Information shown START

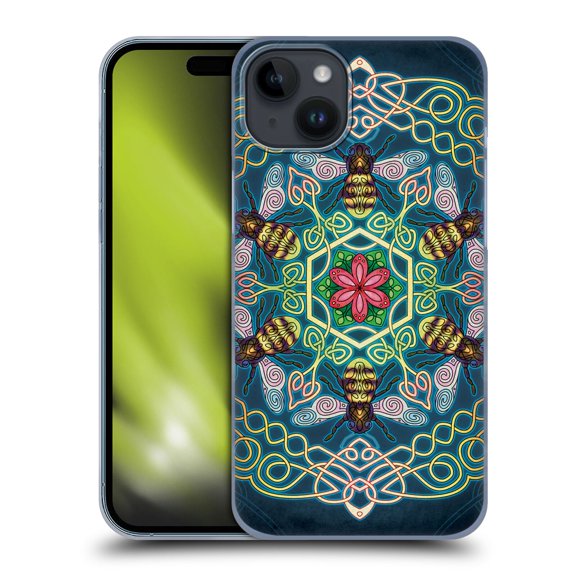 Head Case Designs Officially Licensed Brigid Ashwood Celtic Wisdom 3 Bees Hard Back Case Compatible with Apple iPhone 15 Plus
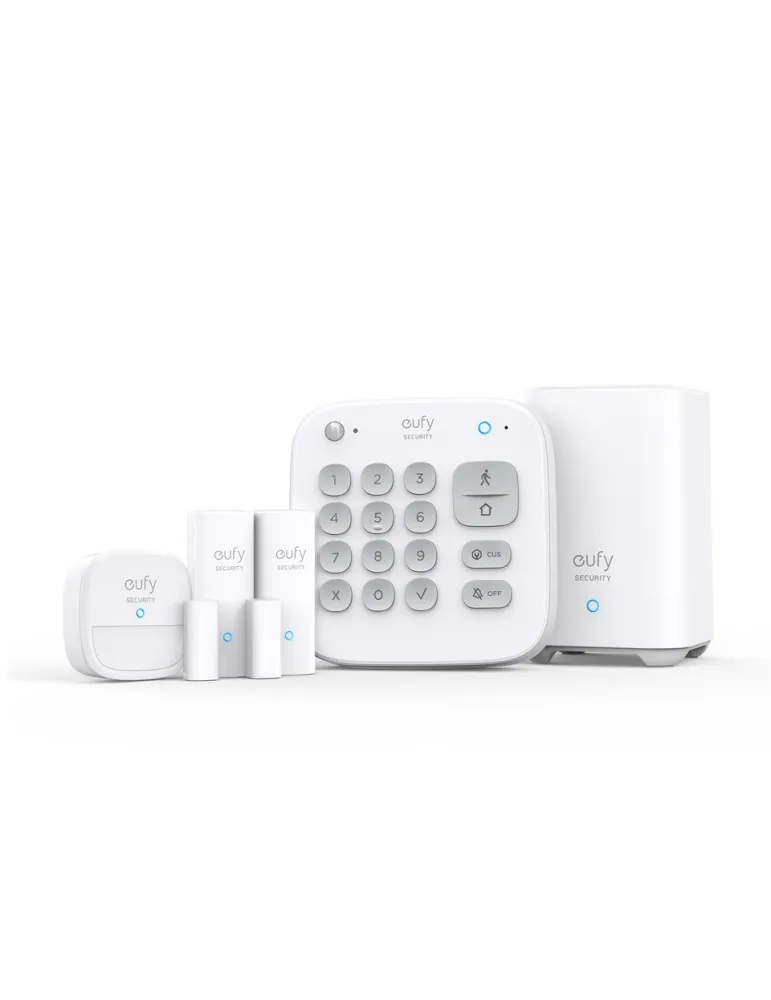 EUFY Eufy 5-Piece Home Alarm Kit — Inteligentny zestaw alarmowy do domu z powiadomieniami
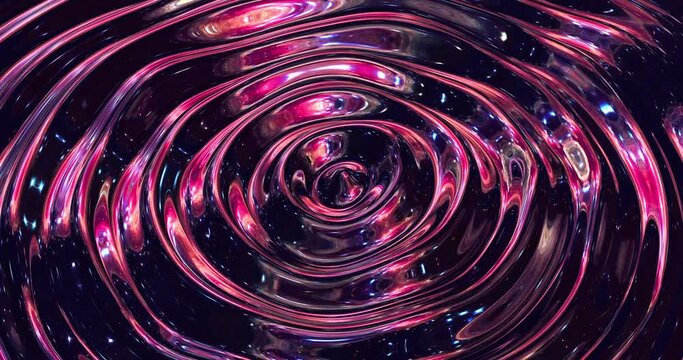 Deformation of the universe by gravitational waves.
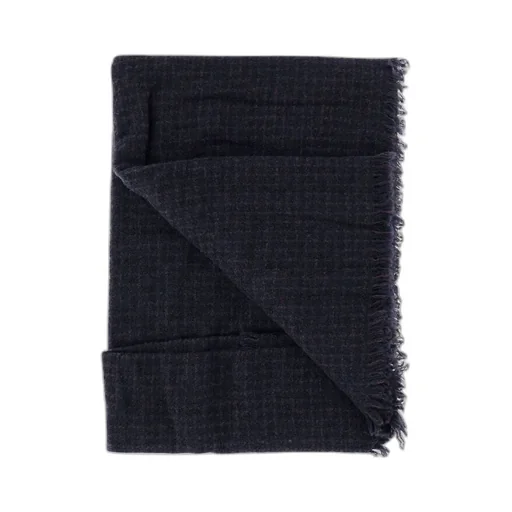 Faliero Sarti Fringed Plaid Scarf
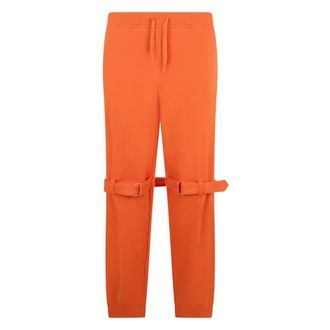Moschino Pantaloni Sportivi - - Trousers - Uomo - Arancione - M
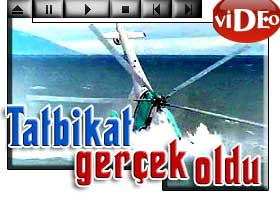 Helikopterin düşüş anı Videolu 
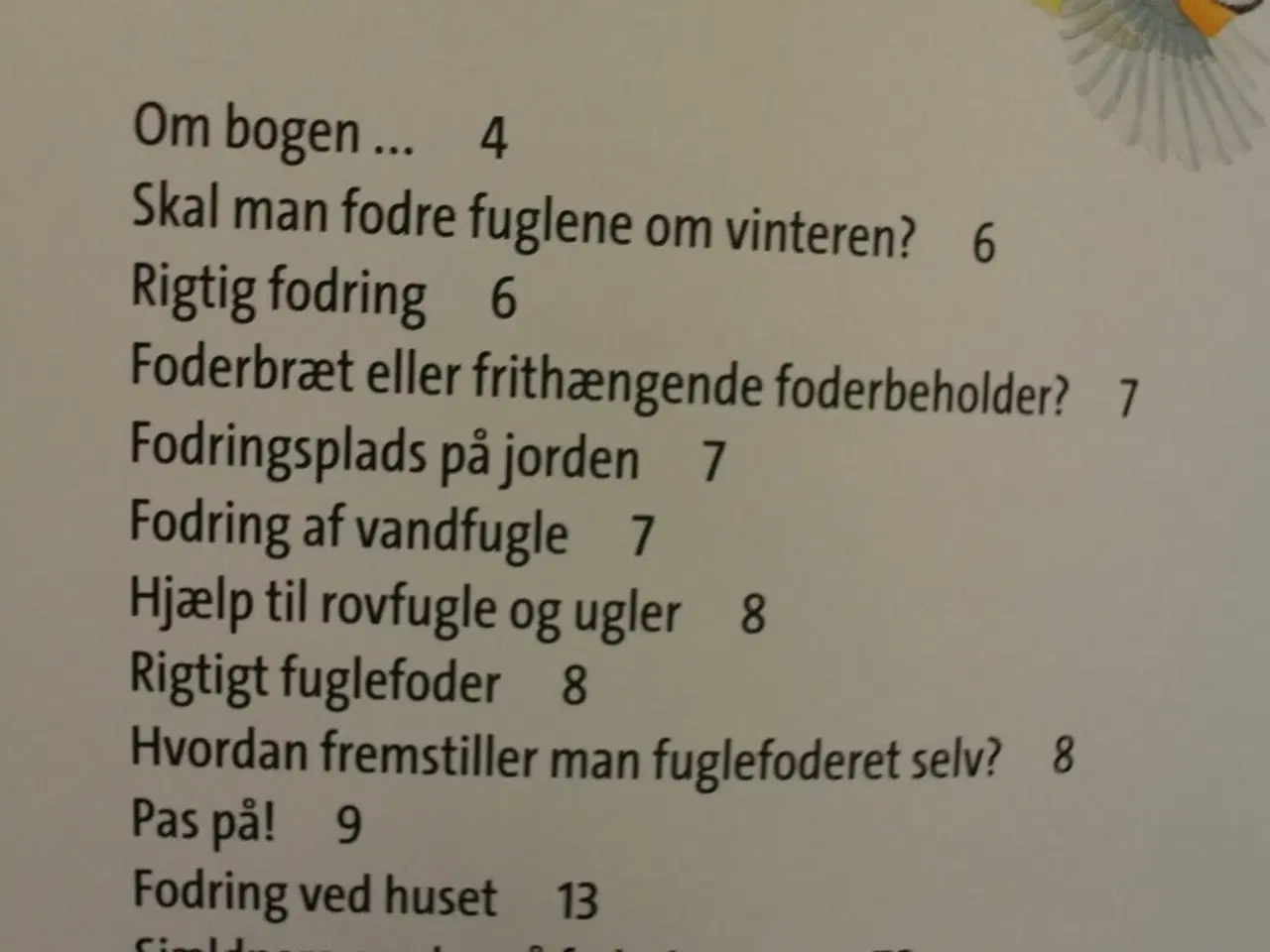 Billede 2 - fugle ved foderbrættet artsbestemmelse og fodring,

Information shown END

Work order: Please restate exactly the lines from the one containing "Helikopterin düşüş anı Videolu" down to the end of the material, both ends kept, and do not include the pictures.

Exercise response:
 Helikopterin düşüş anı Videolu 
 Billede 2 - fugle ved foderbrættet artsbestemmelse og fodring,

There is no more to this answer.